A recycling discussion panel was held on April 20 at the Hinckley Institute of Politics. A group of waste management professionals came together in the caucus room to answer questions from Micah Jeppsen, the auxiliary services director of the Associated Students of the University of Utah.

Debbie Lyons, vice president of the Recycling Coalition Utah board of directors, said, “The common myth is that recycling pays for itself…nobody is making money from it.” Vice President of Administrative Affairs Arnold Combe also noted, “Costs are the critical issue here.”

Although recycling does cost money, so does disposing of waste. It seems that perhaps some of the money used to dispose of waste could be used to fund recycling programs. If everyone participates, the amount of waste produced by the university campus would be decreased and the costs of disposing of the lesser amount of waste would decrease. If recycling could dispose of a large enough amount of the waste generated on campus, it could become a profitable option for the U.

The Associated Students of the University of Utah and Jeppsen have so far raised nearly $12,000 this year toward a comprehensive recycling program. Unfortunately, $12,000 is not nearly enough to get any sort of program underway immediately. In reality, the goal should be to get a waste audit from a professional consulting firm. That could cost around $30,000 to $40,000, a far cry from the $12,000 raised this year.

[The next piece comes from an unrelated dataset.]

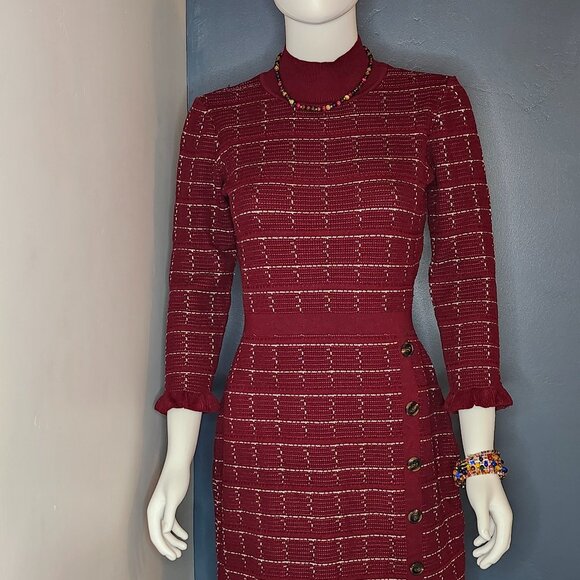 Sweater Dress with delicate ruffle trim - Picture 1 of 2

The U spends $30,000 a year subsidizing its current recycling program. There are approximately 170 bins for paper, 80 for aluminum cans and 30 for newspaper spread around campus. Last year, this $30,000 program took care of the costs to recycle a whopping 10 percent of the U’s waste stream. Unfortunately, the administration seems intent on ignoring these facts, while constantly bemoaning their own opinions about costs and effort required. The costs and benefits of a large-scale recycling program at the U are unknown. They should be evaluated before the administration and students can argue whether such a program should be implemented.

Waste audit professionals should be brought in to bid on the project. Many firms, no doubt, would come in and compete for the contract. These professionals should be given the task of evaluating the amount of waste that could be saved as recyclable, the amount of recyclable waste that would be disposed as such, and the costs and benefits of a large-scale recycling program.

There is no question as to the environmental benefit of recycling, but there could quite possibly be a monetary benefit as well. Many campus organizations have begun to charge a fee for printing pages in their computer labs. Marriott Library, for one, charges 8 cents per page. The justification for this charge included “waste from excessive printing and print jobs that are never picked up-the costs involved [in printing] have become too great.”

If a recycling program were ever to become profitable on the U campus, perhaps the library and other pay for-print organizations on campus would be able to reduce or eliminate the fees for student printing. This would be another benefit of a large-scale recycling program at the U.

It is apparent that recycling is not a priority to the U administration. Creating a recycling program would take extra effort and work. However, it seems to be much easier for the administration to moan and whine about the costs without any actual consideration or cost-benefit analysis.

The U should properly fund a waste audit, even if it means suspending the $30,000 subsidy of the current recycling program to pay for the audit. In addition, students should do their part by the addition of a “green” student fee, to help pay for the start-up costs of the program. In the long run, it not only saves the environment and protects the earth but it could, quite possibly, turn a profit. This profit, if ever present, should be used to reduce pay-for-print services throughout campus.